Plusieurs minutes de plus tard, après un baragouinage incompréhensible, Arno avait pris un tableau supplémentaire pour recopier les nouvelles données et les adapter à son problème. Il entra la simulation dans l'ordinateur, et de nombreuses données incompréhensibles s'affichèrent sur l'écran. Mais vue la tête d'Arno, il y'avait de quoi être content.

"J'y crois pas. En cinq minutes, vous venez de terminer ce que j'ai mis plus de trois mois à comprendre. Si le patron ne vous embauche pas dans son équipe, c'est moi qui vous prend. Il ne reste plus qu'à trouver comment débloquer le PokéDevice. C'est une autre paire de manches.
-Quand je vous disais que je sais certaines choses sur Sorbier, ça vous dit d'en profiter un peu ?
-Tu ne vas pas me dire que...
-Mot de passe: Dévolution."

Dans la pièce, des dizaines de PokéDevice entassées sur un présentoir s'allumèrent et répétèrent en même temps "Code accepté, mode Intégral: Activé." devant un Arno médusé. Quand il reprit la parole, ce fut pour dire une seule chose.

"On va voir la présidence. On ne peut pas te laisser partir comme ça."

Sans leur laisser le temps de reprendre leur souffle, il attrapa le bras de Cyrus et le tira vers le couloir en forme d'anneau. Il allait peut-être accéder plus vite qu'il ne le croyait aux secrets de cette base qu'Arno nommait l'Arche.

"Jess, on y va ?"

Mais Jess restait immobile, trop attiré par le comportement d'Evoli, devenu assez étrange.
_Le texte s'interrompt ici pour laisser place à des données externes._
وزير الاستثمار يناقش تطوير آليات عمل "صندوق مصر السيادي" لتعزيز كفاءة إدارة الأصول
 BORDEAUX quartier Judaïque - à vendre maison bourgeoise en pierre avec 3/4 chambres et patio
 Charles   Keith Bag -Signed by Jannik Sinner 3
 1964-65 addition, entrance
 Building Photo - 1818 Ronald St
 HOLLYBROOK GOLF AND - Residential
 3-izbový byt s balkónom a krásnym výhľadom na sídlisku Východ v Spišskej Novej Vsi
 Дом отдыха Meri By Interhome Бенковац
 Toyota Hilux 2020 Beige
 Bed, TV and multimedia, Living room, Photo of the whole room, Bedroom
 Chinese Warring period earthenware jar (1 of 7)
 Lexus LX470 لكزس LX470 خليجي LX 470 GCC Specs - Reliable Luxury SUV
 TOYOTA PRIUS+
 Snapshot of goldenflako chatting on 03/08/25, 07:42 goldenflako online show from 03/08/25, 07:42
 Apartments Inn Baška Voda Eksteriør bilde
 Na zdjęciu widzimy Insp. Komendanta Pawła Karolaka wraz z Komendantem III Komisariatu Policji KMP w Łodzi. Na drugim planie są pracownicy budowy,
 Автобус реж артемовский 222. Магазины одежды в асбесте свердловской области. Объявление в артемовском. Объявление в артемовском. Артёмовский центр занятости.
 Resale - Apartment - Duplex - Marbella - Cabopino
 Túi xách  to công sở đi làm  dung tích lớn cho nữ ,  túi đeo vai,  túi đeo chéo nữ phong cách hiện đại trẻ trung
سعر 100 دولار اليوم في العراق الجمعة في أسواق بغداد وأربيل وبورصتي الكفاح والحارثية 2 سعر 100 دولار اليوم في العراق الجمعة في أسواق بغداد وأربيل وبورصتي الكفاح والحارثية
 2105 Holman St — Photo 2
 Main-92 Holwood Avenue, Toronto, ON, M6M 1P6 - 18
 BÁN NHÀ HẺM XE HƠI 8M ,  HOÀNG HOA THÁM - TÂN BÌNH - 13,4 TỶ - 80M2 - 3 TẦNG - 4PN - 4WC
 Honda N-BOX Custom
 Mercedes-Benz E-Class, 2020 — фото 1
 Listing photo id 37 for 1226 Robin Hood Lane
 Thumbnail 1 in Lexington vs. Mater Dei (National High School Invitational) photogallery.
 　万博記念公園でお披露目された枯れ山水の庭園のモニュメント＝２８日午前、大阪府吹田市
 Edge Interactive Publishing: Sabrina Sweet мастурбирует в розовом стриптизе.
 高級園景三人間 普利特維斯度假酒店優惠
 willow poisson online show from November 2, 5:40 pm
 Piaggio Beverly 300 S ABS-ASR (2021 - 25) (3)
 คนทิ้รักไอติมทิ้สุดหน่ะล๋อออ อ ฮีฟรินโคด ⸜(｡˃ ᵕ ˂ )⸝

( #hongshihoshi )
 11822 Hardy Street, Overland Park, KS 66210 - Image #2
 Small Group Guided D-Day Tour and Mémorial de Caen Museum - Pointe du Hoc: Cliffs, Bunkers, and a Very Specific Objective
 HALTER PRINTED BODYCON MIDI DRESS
"Jess ? Quelque chose ne va pas ?"

Sans comprendre, l'intéressé restait là à essayer de trouver une explication au comportement bizarre du Pokémon. On aurait dit qu'il avait senti quelque chose de mauvais. Le genre de choses qui pouvait faire du mal à son maître. Le genre de choses que seul l'instinct d'un Pokémon pouvait déceler...

-------------------

Le genre de choses qui faisait que Jess venait de s'effondrer par terre, sans aucune raison apparente.